258. On examination after death, one or several of the bodies of the vertebræ are found destroyed by caries; the neighbouring vertebræ are eaten away and crushed together in front, so that the spinous processes project. A sac is formed of the apparatus ligamentorum anticus, cellular tissue, and so on, at the part where the vertebræ are destroyed, which contains a purulent cheesy mass, and from which openings lead into the external abscesses; in these sacs loose pieces of bone often lie. The bones are often converted into a spongy mass, which yields to the knife. Sometimes

the interarticular cartilages especially are attacked, loosened up, and destroyed. Circumscribed deep holes are often found in the bodies of the vertebræ, filled with cheesy matter, and which I hold, with DELPECH and others, to be tubercles (1). The area of the spinal canal is generally undiminished; sometimes, however, it is so, and there are traces of chronic inflammation, redness, thickening or softening of the spinal marrow, of its membranes, and of the nerves passing through them.

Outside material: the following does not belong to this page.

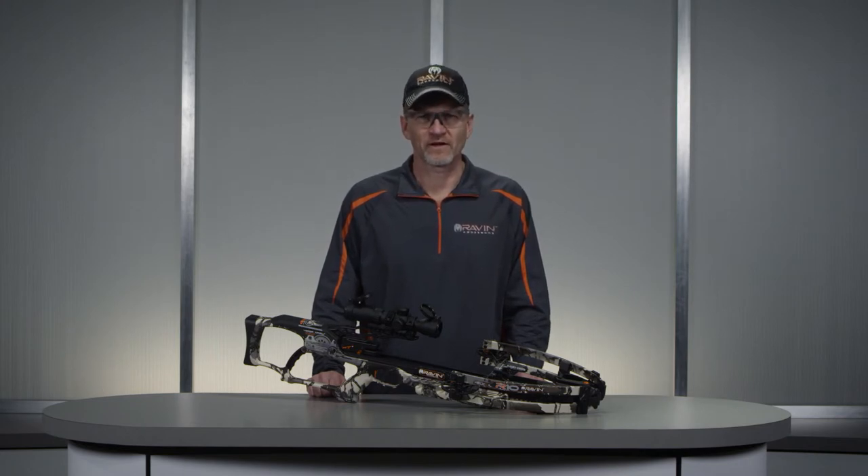Determine the yardage to the target. The Raven scope has yardage compensation in the reticle that approximates the elevation adjustment based upon distance.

These examinations show that the disease occurs sometimes as a primary affection of the cartilages and ligaments, sometimes as a primary affection of the spongy substance of the bones themselves.

(1) NICHET (a) has endeavoured to prove this view of the disease by numerous examinations. On the other hand, JÆGER (b) believes that these supposed tubercles are merely the modification of pus in the bony cells and beneath the periosteum, or inflamed and suppurating lymphatic glands on the spinal column.

(a) Gazette Médicale, 1835, Nos. 34, 35.

(b) Handwörterbuch, vol. i. P. 572.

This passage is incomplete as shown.